◆ TASK OBJECTIVE: Transcribe only the lines in the data below falling between the line with "Chic Swirls-Baby shower" and the line with "Metrology 26102025 | PDF", including those two lines, and leave out any picture.

◆ RECORDS TO USE:
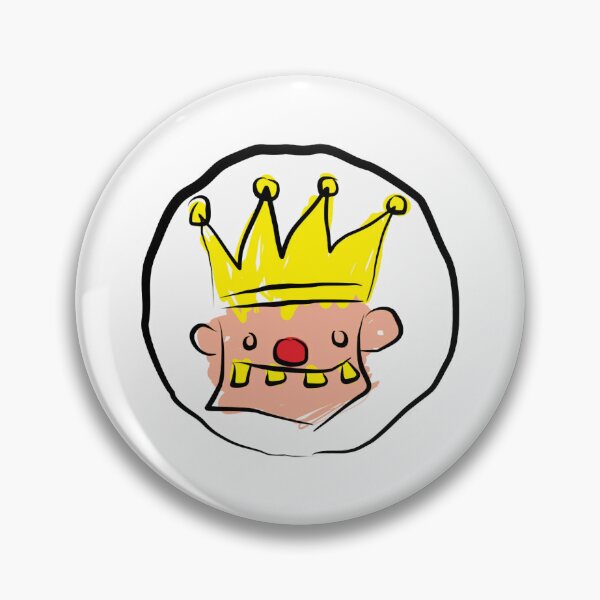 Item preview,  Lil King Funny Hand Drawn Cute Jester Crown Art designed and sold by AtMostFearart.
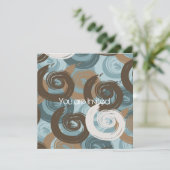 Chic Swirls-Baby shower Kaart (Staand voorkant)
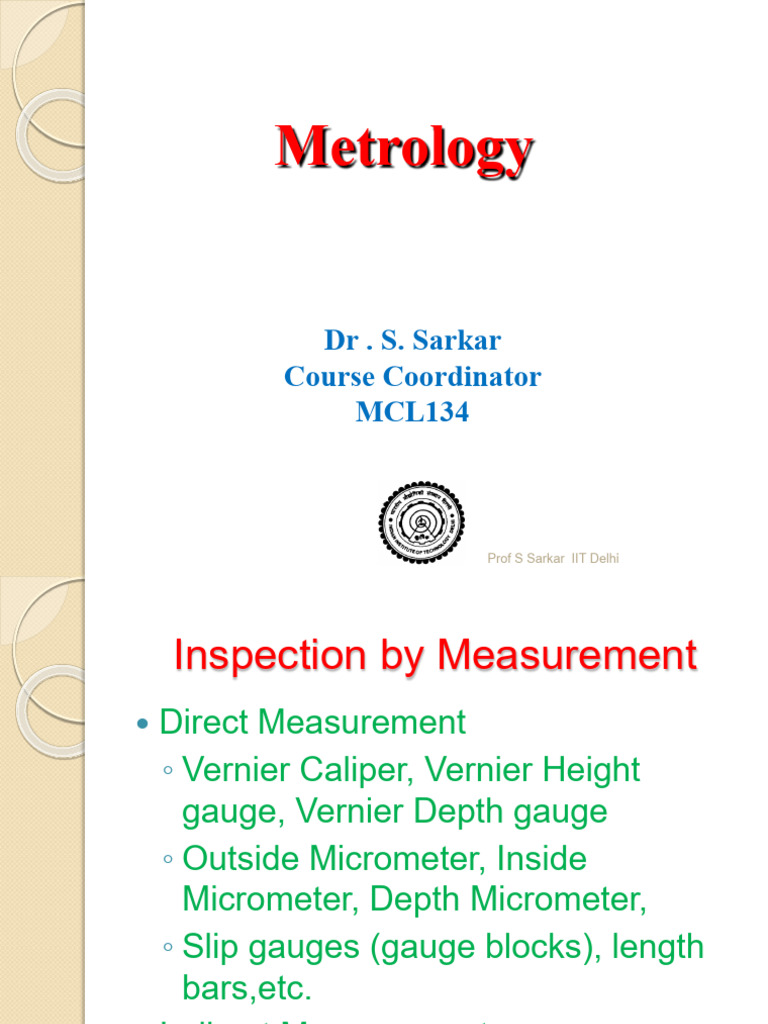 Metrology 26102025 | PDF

==

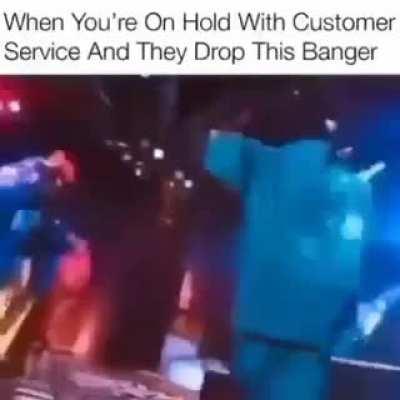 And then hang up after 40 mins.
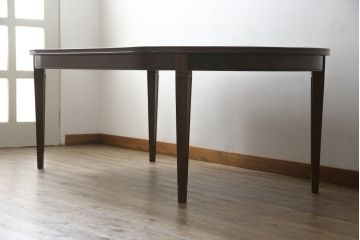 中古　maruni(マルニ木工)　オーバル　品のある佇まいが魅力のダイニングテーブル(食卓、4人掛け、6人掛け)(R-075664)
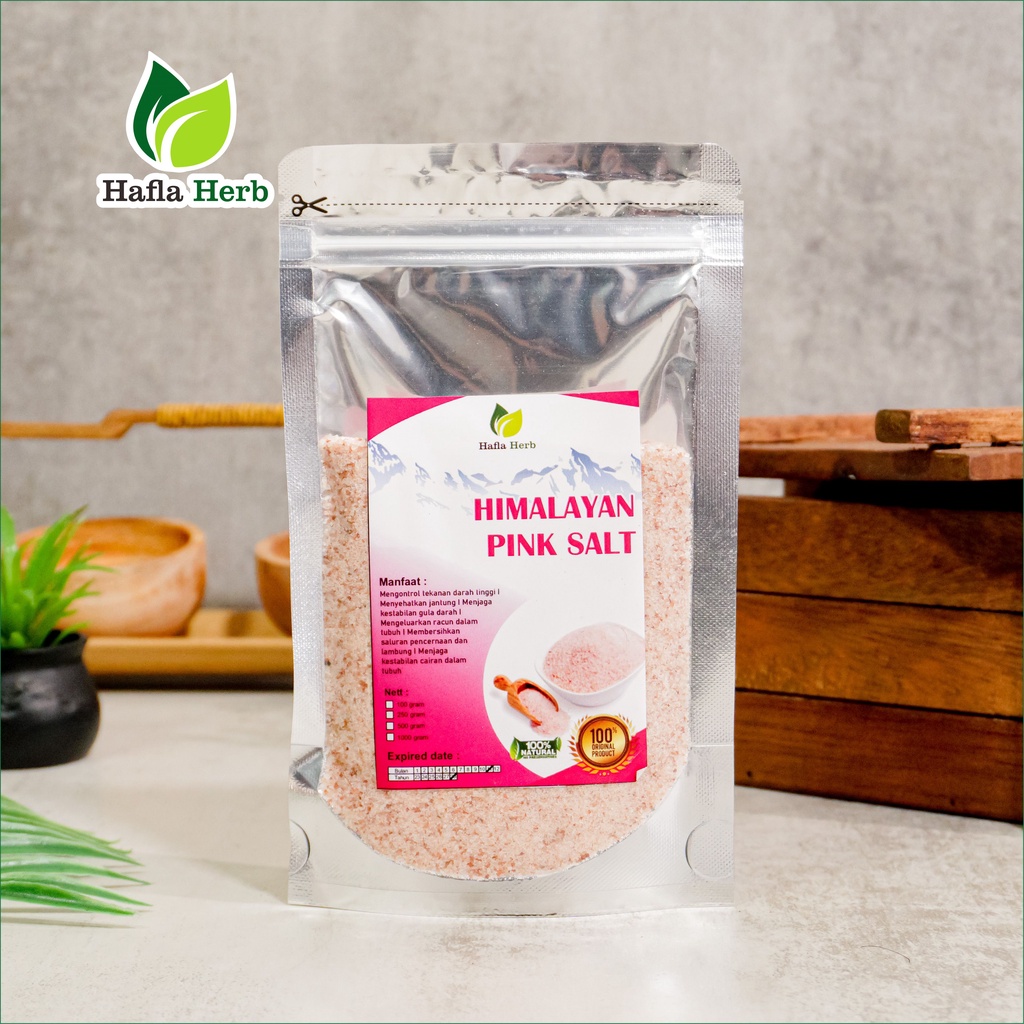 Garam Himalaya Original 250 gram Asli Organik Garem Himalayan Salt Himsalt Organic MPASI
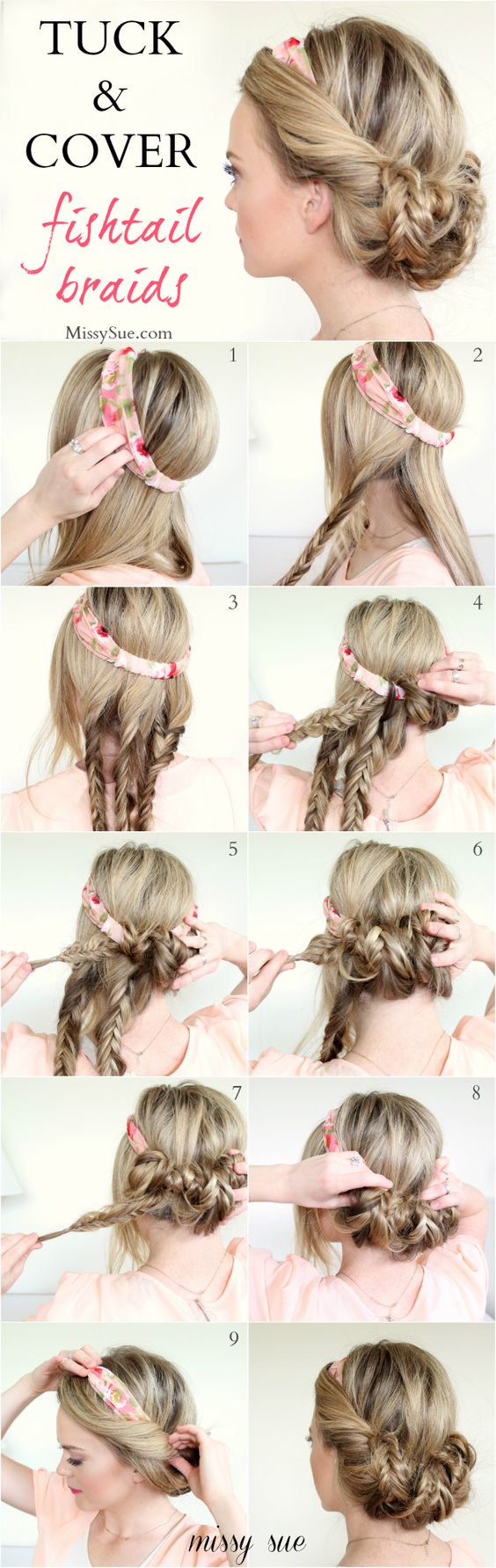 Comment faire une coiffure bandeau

◆ SOLUTION TO THIS PROBLEM:
 Chic Swirls-Baby shower Kaart (Staand voorkant)
 Metrology 26102025 | PDF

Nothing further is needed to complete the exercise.